Gal Nitzan wrote:
Sorry :) no.
Hmm. ok. :) But I think that patch is needed anyway, because now we
silently assume that parse plugins will always copy all Content metadata
to ParseData.metadata, while it may not be the case - and it certainly
does not happen if there is a parse error ... and this patch fixes it.
Later on, Indexer tries to retrieve these values from
parseData.metadata, and not from the content.metadata (because we try to
avoid reading too much data, so the content part of a segment is not
accessed during indexing).
I run fetcher with parse.
This NPE happens for only a few documents and that is the problem :)
Ok, then I think I know what is going on... Please try this patch -
that's the same problem, actually: these few documents failed to parse,
and we got an empty parseData - but in this case it means also empty
metadata, which means no segment name nor score in parseData.metadata.

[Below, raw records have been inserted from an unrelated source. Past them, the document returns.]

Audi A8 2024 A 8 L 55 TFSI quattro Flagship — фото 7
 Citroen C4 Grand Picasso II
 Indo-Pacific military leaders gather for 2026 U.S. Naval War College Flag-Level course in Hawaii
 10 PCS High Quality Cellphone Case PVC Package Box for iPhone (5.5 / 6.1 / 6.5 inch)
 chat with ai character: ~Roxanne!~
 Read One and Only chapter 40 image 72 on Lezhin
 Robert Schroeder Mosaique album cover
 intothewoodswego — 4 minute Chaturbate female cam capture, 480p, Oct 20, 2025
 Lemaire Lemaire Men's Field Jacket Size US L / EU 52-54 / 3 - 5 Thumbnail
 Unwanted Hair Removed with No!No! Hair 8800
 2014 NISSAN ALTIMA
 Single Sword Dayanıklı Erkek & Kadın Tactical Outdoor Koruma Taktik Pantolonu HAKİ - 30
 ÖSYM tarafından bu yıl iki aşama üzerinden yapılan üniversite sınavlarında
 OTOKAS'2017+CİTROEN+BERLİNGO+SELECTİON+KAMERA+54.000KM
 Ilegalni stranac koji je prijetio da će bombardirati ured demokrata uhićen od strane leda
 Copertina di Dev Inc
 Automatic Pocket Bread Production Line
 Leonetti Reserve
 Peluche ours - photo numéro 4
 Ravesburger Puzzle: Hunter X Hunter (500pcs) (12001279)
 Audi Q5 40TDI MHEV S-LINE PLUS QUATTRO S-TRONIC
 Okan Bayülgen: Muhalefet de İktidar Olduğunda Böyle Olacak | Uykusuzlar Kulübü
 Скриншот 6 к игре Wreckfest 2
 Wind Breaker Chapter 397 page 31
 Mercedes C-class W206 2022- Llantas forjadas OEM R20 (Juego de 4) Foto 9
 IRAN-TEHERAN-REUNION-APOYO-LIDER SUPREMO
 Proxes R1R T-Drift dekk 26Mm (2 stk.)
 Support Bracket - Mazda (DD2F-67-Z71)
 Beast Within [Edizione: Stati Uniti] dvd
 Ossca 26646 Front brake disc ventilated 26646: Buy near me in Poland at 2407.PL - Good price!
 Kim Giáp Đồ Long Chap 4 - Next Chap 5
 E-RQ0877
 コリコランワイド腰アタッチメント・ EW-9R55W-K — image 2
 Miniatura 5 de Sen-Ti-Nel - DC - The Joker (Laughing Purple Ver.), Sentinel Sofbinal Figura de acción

Please test and report if it helps.
--
Best regards,
Andrzej Bialecki <><
___. ___ ___ ___ _ _ __________________________________
[__ || __|__/|__||\/| Information Retrieval, Semantic Web
___|||__|| \| || | Embedded Unix, System Integration
http://www.sigram.com Contact: info at sigram dot com
Index: Fetcher.java
===================================================================
--- Fetcher.java (revision 367099)
+++ Fetcher.java (working copy)
@@ -223,6 +223,9 @@
parse.getData().getMetadata().setProperty(SIGNATURE_KEY,
StringUtil.toHexString(signature));
datum.setSignature(signature);
}
+ // add segment name and score to parseData metadata
+ parse.getData().getMetadata().setProperty(SEGMENT_NAME_KEY, segmentName);
+ parse.getData().getMetadata().setProperty(SCORE_KEY,
Float.toString(datum.getScore()));
try {
output.collect